In fact, the full system of Maxwell's equations provides the statement that the only two vector components of the EM field $\mathbf E, \mathbf B$ are independent (in general, due to a deep symmetry reason, namely that a massless particle has only two polarizations). Next, if we write EM field in terms of 4-potential $$ A_{\mu} \equiv \left( V, \mathbf A\right)_{\mu} $$ (for example, $A_{0} \equiv V$), $$ \mathbf E = -\frac{\partial \mathbf A}{\partial t} - \nabla V, \quad \mathbf B = \nabla \times \mathbf A, $$ we add new unphysical gauge symmetry transformation $$ \tag 1 V \to V + \frac{\partial \varphi}{\partial t}, \quad \mathbf A \to \mathbf A - \nabla \varphi , $$ under which $\mathbf E, \mathbf B$ is unchanged: $$ \mathbf E \to \mathbf E, \quad \mathbf B \to \mathbf B $$ I.e., $A_{\mu}$ is not unique. Also, it seems that without imposing some conditions 4-potential has 4 components, while this number must be 2, in correspondence to the number of independent components of $\mathbf E, \mathbf B$. Is this a problem? No.

We need to constuct the precise scheme of reduction of number of components, which includes the problem of uniqueness of 4-potential. The gauge symmetry is unphysical, so first we may fix $\varphi$ in $(1)$ by imposing so-called gauge condition, which leaves three independent components of $A_{\mu}$ instead four. It may be, for example, Coulomb gauge condition, $$ \nabla \cdot \mathbf A = 0, $$ or lorentz invariant condition, such as $$ \partial_{\mu}A^{\mu} = \frac{\partial V}{\partial t} + \nabla \cdot \mathbf A = 0 $$ Next, we reduce the number of components from three to two by using first Maxwell equation, which is called Gauss law, since in fact it is the bound, because it doesn't contain first time derivatives of $\mathbf E$ or, correspondingly, second time derivatives of $A_{\mu}$ (it doesn't describe propagated degrees of freedom). For example, for Coulomb gauge this equation takes the form $$ \nabla \cdot \mathbf E = -\Delta V - \frac{\partial (\nabla \cdot \mathbf A )}{\partial t} = -\Delta V = 4 \pi \rho , $$ from which we have the scalar potential as function of charge density.
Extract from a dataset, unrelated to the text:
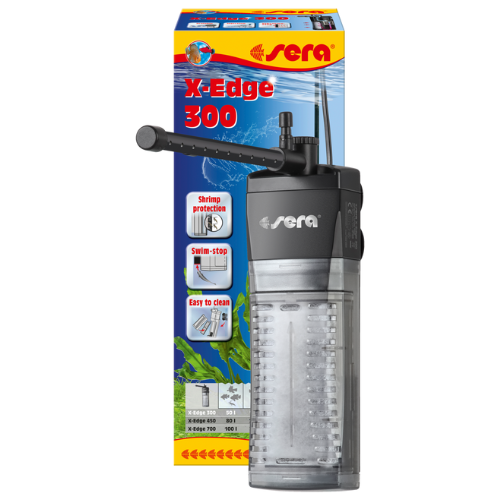 Sera Sera X-Edge 300 hoekfilter Sera Sera X-Edge 300 hoekfilter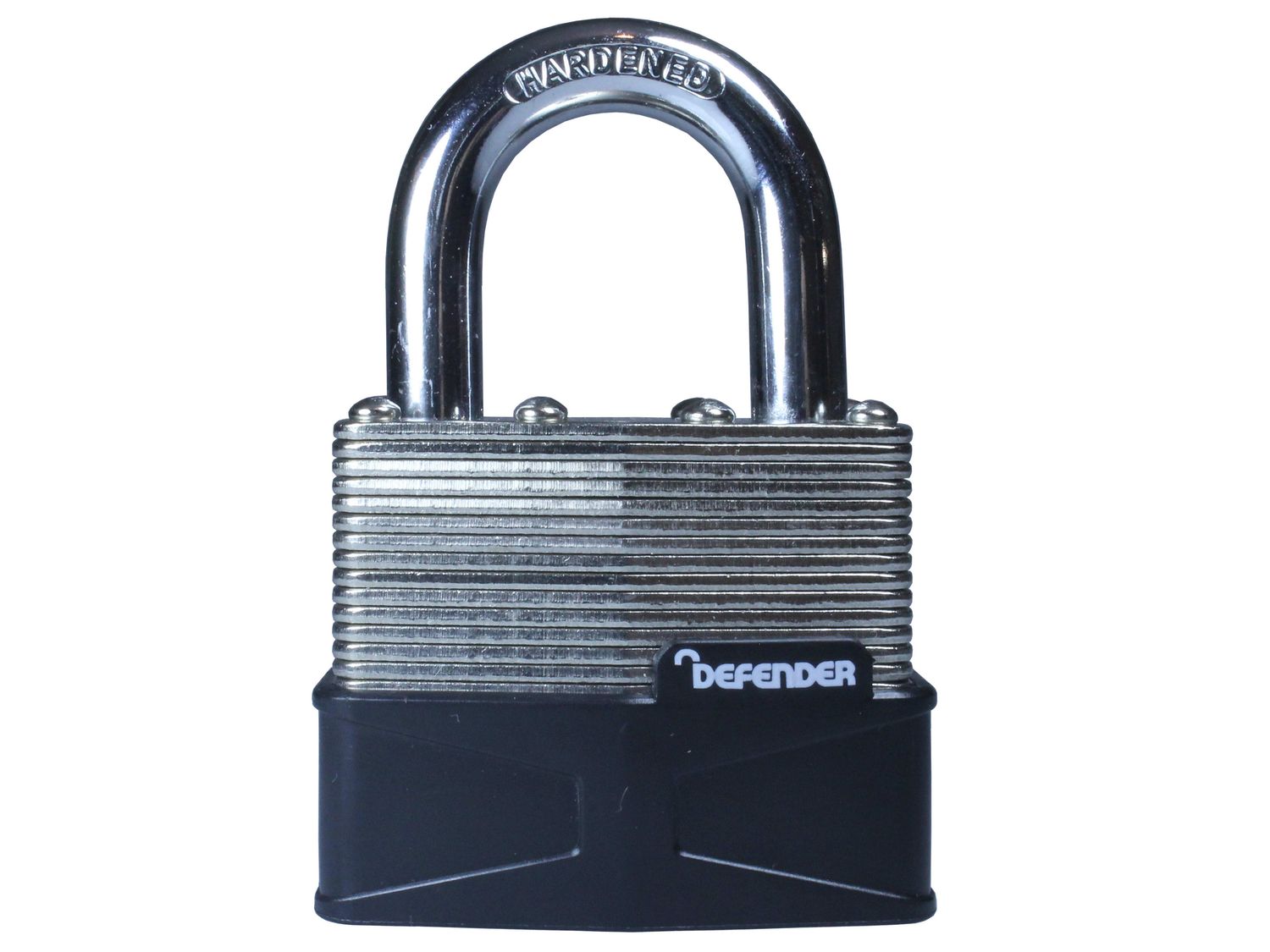 DEFENDER DEFLAM50 Laminated Padlock 50mm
For $\rho = 0$, which is true in the case of magnetostatics, we may simply set $V$ to zero.

So that, we reduce the number of $A_{\mu}$ from four to two, as it must be, and solve the uniqueness problem.

Let summarize: if we have used the Gauss law as the bound, i.e., if we have reduced the number of components of 4-potential from four to three, the only thing that we need to fix it uniquely is to impose such gauge condition, since without doing that 4-potential is determined only up to unphysical transformation.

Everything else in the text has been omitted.